Governo deve liberar R$ 115 bilhões em crédito, com taxa de 5,5% ao ano

No pacote para a próxima safra que será anunciado pela presidente Dilma Rousseff na quinta-feira, a estratégia de redução de juro do governo federal vai desembarcar no campo. O volume de recursos para a safra 2012/2013 deverá alcançar R$ 115 bilhões, 7,2% acima do programa anterior, com taxa de juro 5,5% ao ano, 1,25 ponto percentual abaixo do ano passado.

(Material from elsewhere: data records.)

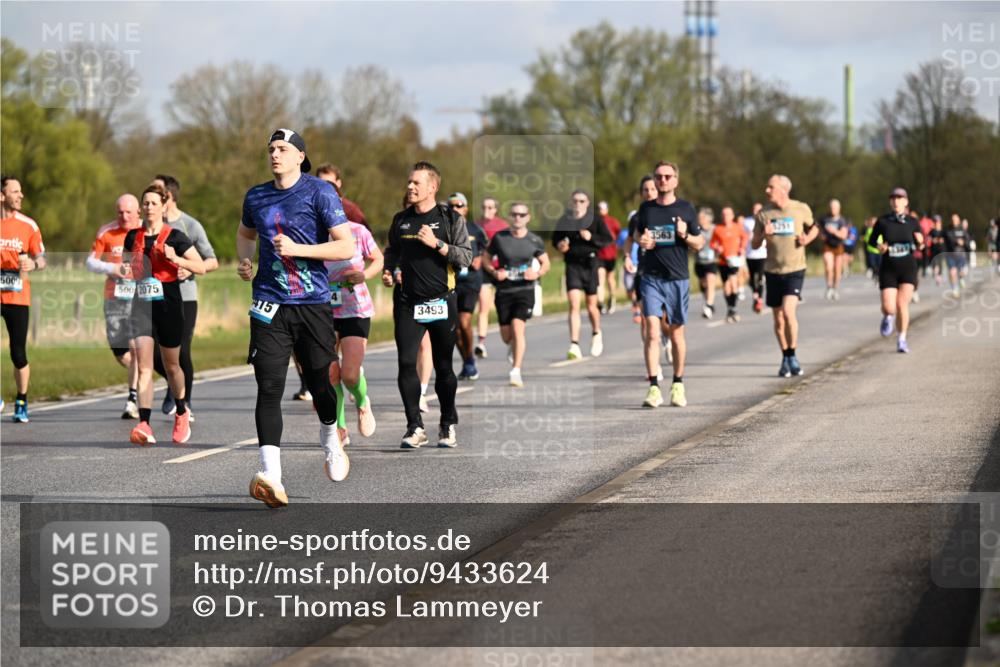12.04.2026 - 45. Internationalen Wilhelmsburger Insellauf Dr. Thomas Lammeyer http://msf.ph/oto/9433624 12.04.2026 09:18:47 Laufen 5009, 500, 2075, 415, 3493, 3563 meine-sportfotos.de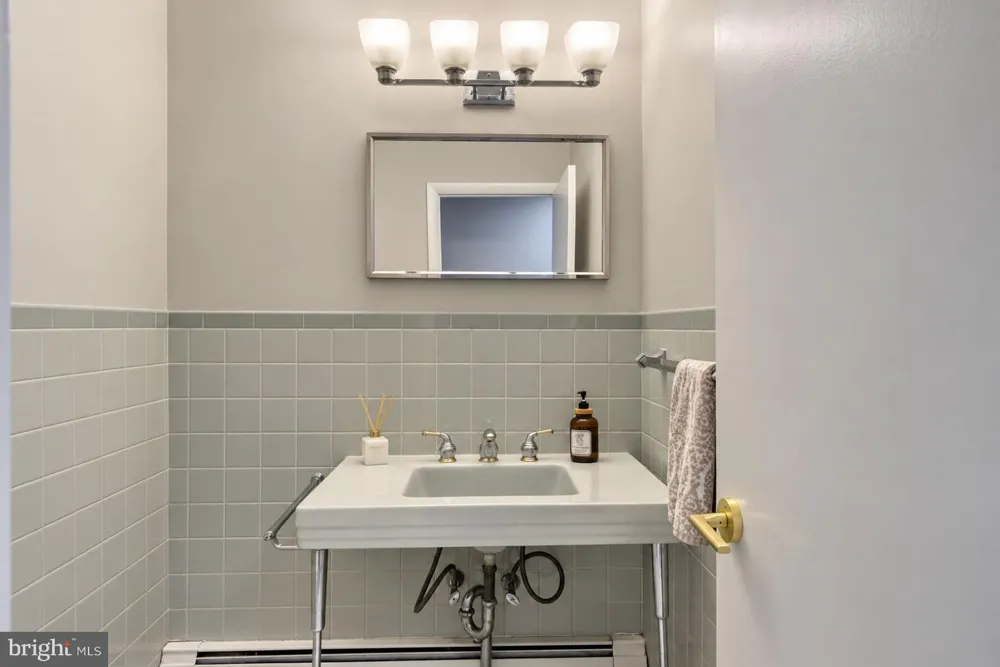 2206 FULMER STREET Philadelphia, PA 19115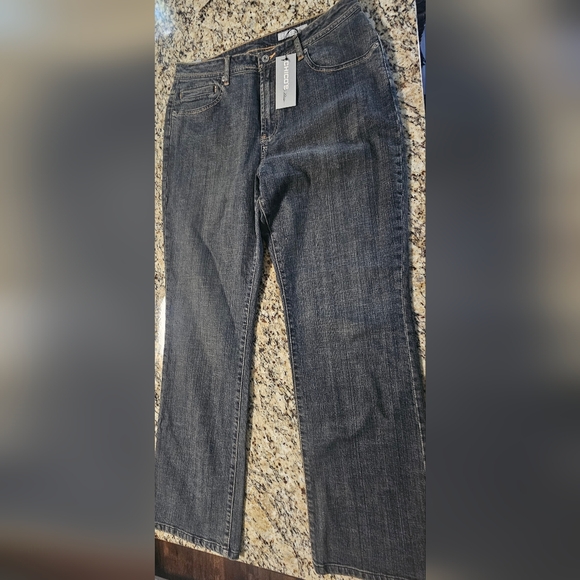 NWT..Chico's Platinum Blue Denim Jeans SIZE 2 - Picture 3 of 14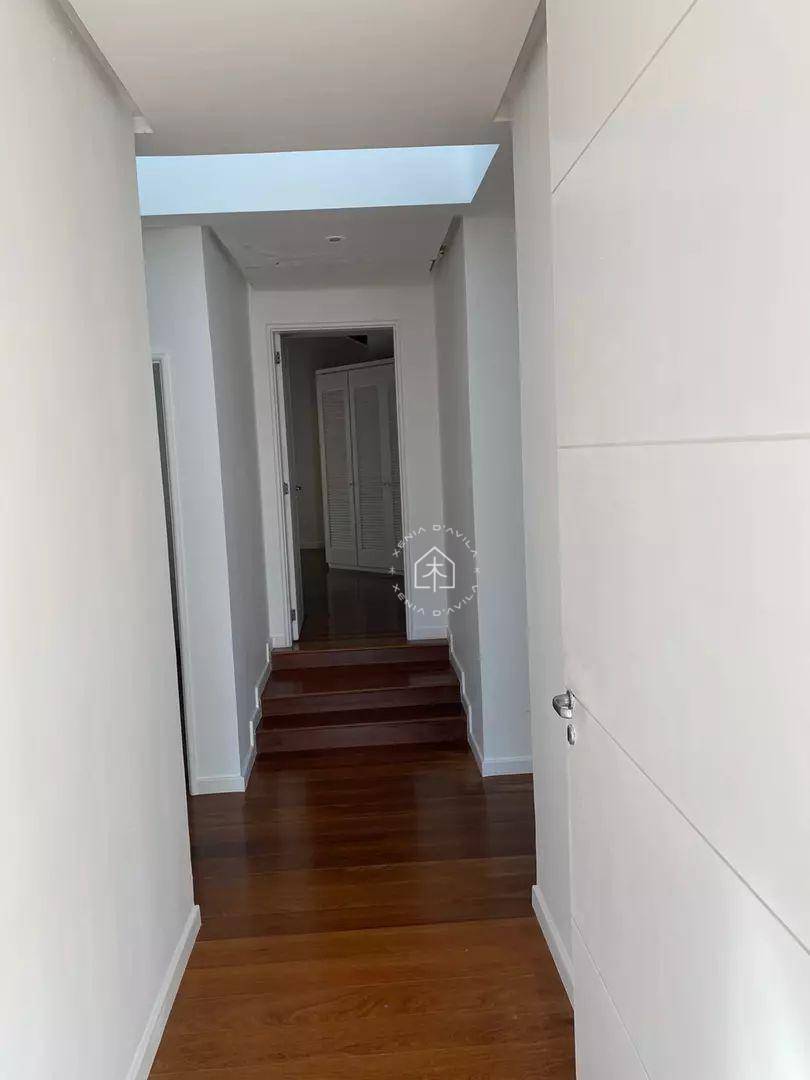 Casa de Condomínio à venda com 4 quartos, 480m² - Foto 10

Os últimos detalhes do plano de safra estão sendo finalizados por técnicos do governo. A queda nos juros a serem cobrados nas operações de financiamento foi decidida em linha com o ciclo de redução da taxa básica (Selic), que está em 8,5% ao ano – menor patamar histórico – e que deve ter mais dois cortes, para fechar o ano em 7,5%, de acordo com as projeções de economistas do mercado financeiro.
A redução do juro ficou acima do um ponto reivindicado pelos produtores. Mas o aumento de recursos acabou ficando abaixo das expectativas. As principais entidades do agronegócio pediam elevação de 19,4% nos recursos, para R$ 128 bilhões.

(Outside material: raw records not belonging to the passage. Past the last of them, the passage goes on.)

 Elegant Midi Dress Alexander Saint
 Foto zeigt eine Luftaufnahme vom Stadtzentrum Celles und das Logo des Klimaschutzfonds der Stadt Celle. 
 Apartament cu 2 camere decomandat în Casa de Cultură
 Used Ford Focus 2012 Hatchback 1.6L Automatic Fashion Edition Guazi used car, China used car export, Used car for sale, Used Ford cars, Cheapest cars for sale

O peso maior do crédito oficial no financiamento da safra está na Região Sul, que no ano passado recebeu 40% do total liberado pelo governo. A região Sudeste ocupou o segundo lugar, com 31%. O Centro-Oeste, que nesta safra foi o maior produtor brasileiro, recebeu no ano passado 18% do total dos recursos liberados pelo Plano Safra.

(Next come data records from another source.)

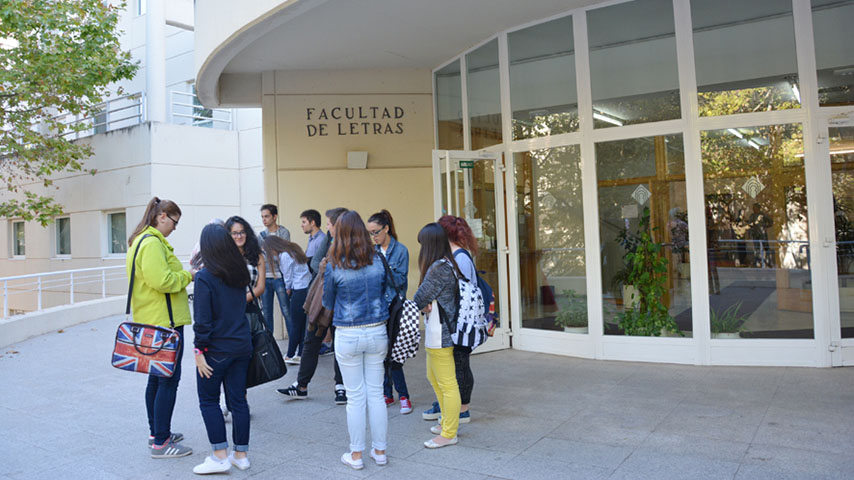 Estudiantes en la Facultad de Letras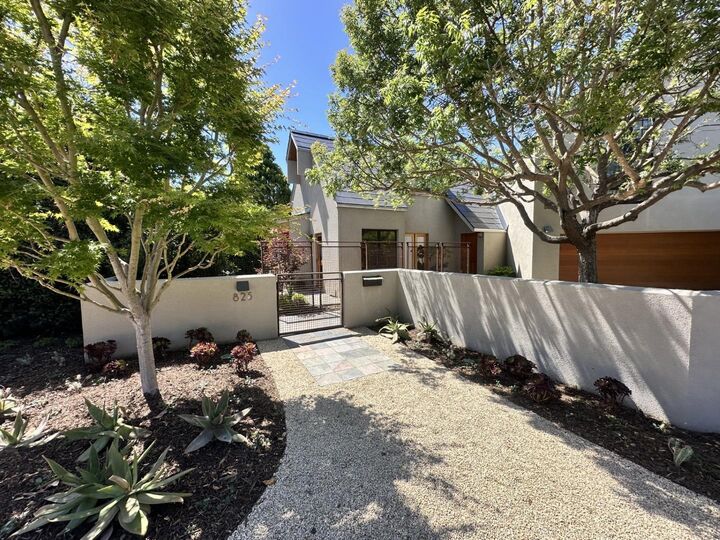 Property Photo:  825 Woodland Avenue  CA 94025 
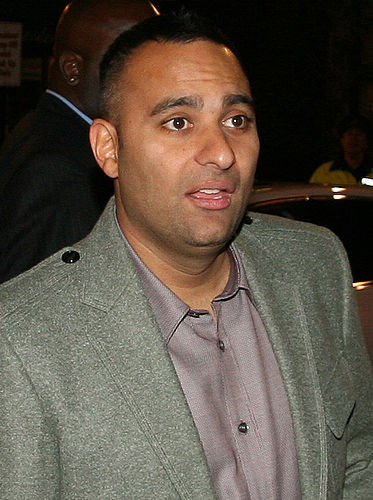 Portrait picture of Russell Peters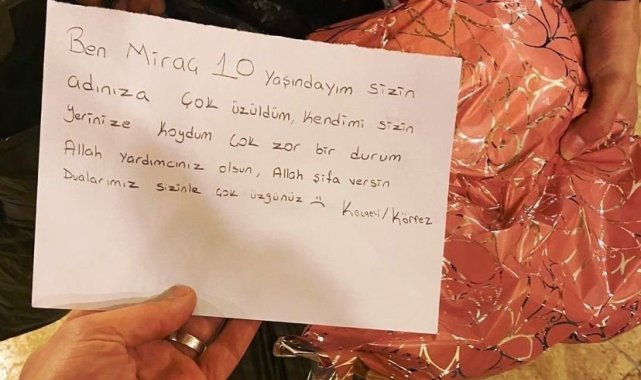 Ülkeyi yasa boğan depremde miniklerden duygulandıran hareket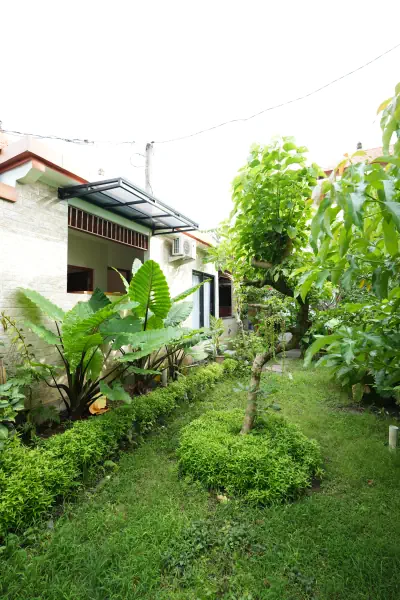 Outdoor garden — The Pageh Guesthouse, Bali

Os produtores da Região Sul dependerão ainda mais do crédito oficial, por causa da quebra provocada pela estiagem. Os agricultores do Rio Grande do Sul foram os mais castigados: perderam 54% do milho, 45% da soja, 17% do fumo e 11% do arroz.
No Centro-Oeste, que nesta safra foi beneficiado pelo clima favorável e bons preços das commodities, a participação do crédito oficial para bancar o custeio da safra deve perder mais espaço para os recursos próprios dos agricultores e a participação das tradings e revendas, por meio de operações de adiantamento dos insumos para recebimento da produção após a colheita.
Na safra passada, em Mato Grosso, os recursos próprios dos agricultores responderam por 25% dos gastos com o custeio da soja, vindo em seguida as revendas de insumos (26%), tradings (25%) e bancos públicos e privados com (19%), segundo estimativas da Agroconsult.